• [Work request]: Pictures excluded, reproduce exactly the lines below from the one with "最も可愛い赤ん坊の動物 |ベビーコーギを私の膝に スクエア壁時計 (傾斜)" through the one with "California Mustang Ranch Saves Wild Horses", both included.
Records supplied Start Marker
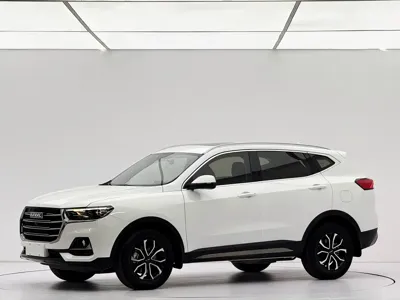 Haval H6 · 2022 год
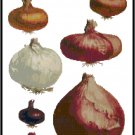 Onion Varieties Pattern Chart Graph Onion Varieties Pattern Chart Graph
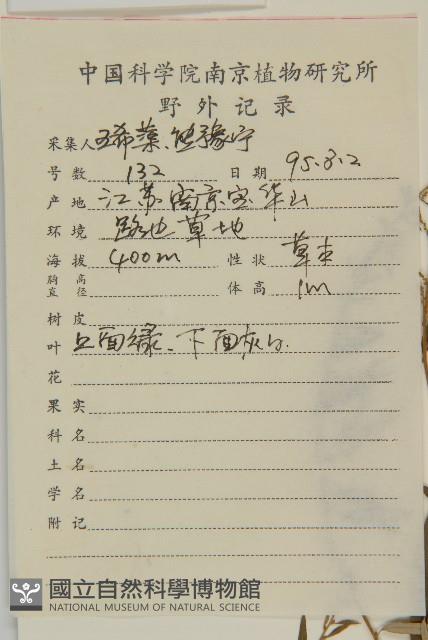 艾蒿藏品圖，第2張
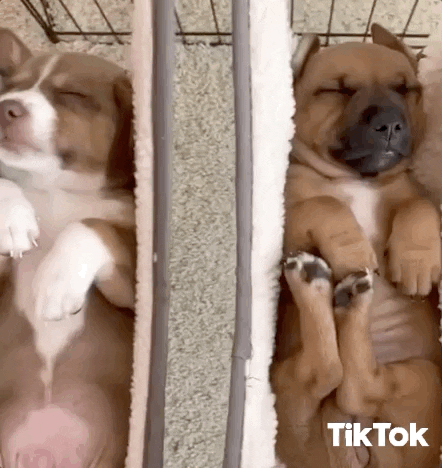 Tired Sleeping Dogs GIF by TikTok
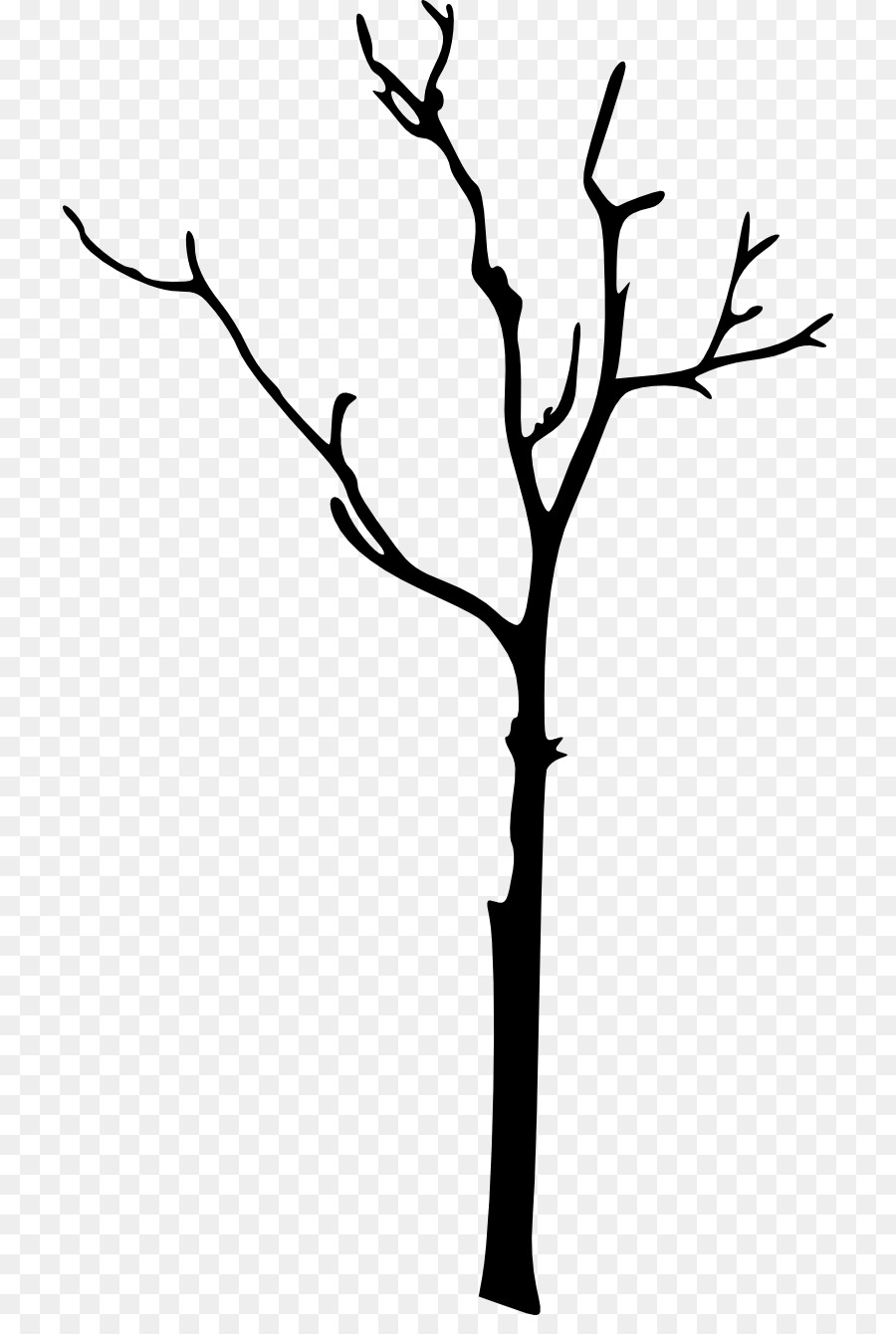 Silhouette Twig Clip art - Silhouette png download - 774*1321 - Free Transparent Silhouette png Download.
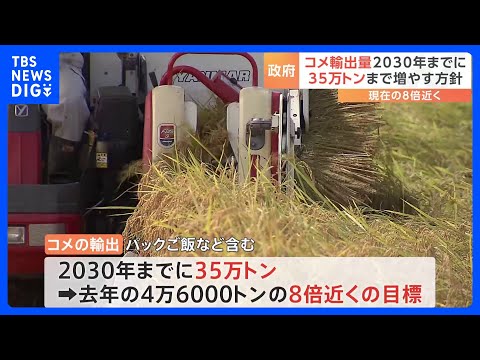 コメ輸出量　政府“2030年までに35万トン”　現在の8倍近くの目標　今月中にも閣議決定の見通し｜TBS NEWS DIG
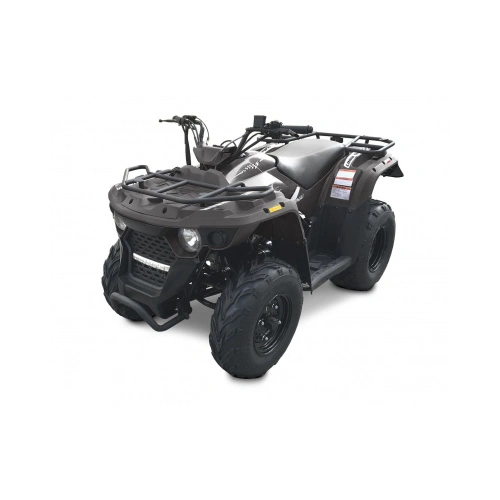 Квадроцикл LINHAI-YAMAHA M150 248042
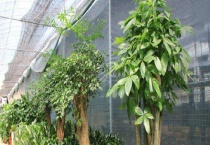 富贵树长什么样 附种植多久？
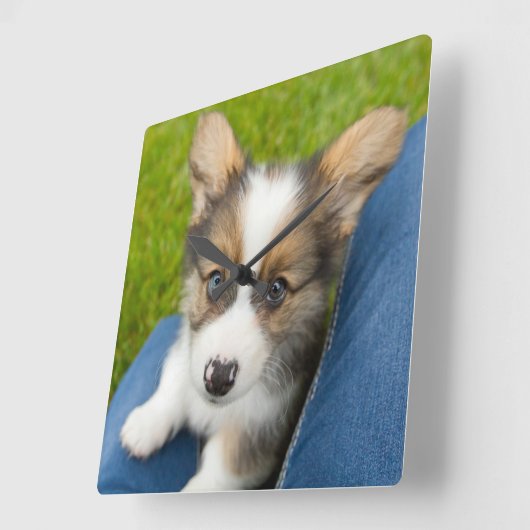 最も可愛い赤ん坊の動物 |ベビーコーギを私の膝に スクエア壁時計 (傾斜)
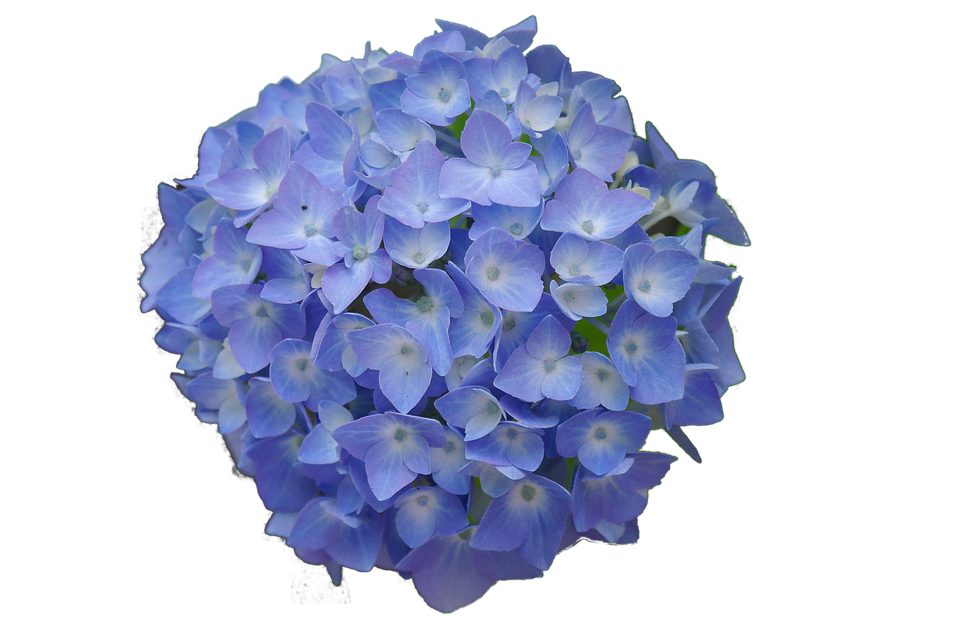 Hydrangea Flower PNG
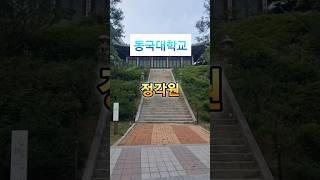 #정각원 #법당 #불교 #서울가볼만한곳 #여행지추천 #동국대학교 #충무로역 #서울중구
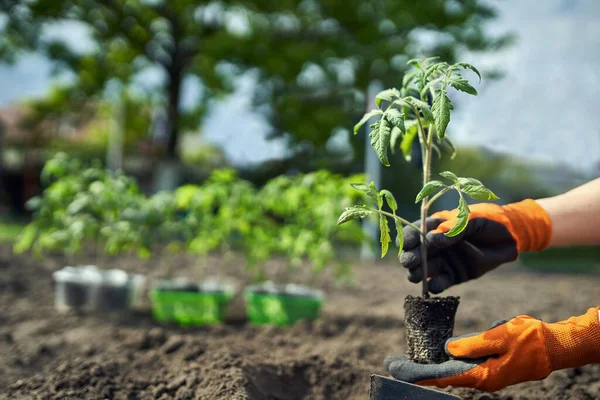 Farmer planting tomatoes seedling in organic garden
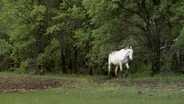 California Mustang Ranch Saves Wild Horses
Records supplied End Marker
Records supplied Start Marker
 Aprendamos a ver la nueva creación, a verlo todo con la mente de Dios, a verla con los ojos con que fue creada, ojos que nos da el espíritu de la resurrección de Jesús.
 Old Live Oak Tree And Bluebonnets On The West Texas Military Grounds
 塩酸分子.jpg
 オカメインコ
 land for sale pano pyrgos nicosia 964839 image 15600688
Records supplied End Marker
• [Solution to the problem]:
 最も可愛い赤ん坊の動物 |ベビーコーギを私の膝に スクエア壁時計 (傾斜)
 Hydrangea Flower PNG
 #정각원 #법당 #불교 #서울가볼만한곳 #여행지추천 #동국대학교 #충무로역 #서울중구
 Farmer planting tomatoes seedling in organic garden
 California Mustang Ranch Saves Wild Horses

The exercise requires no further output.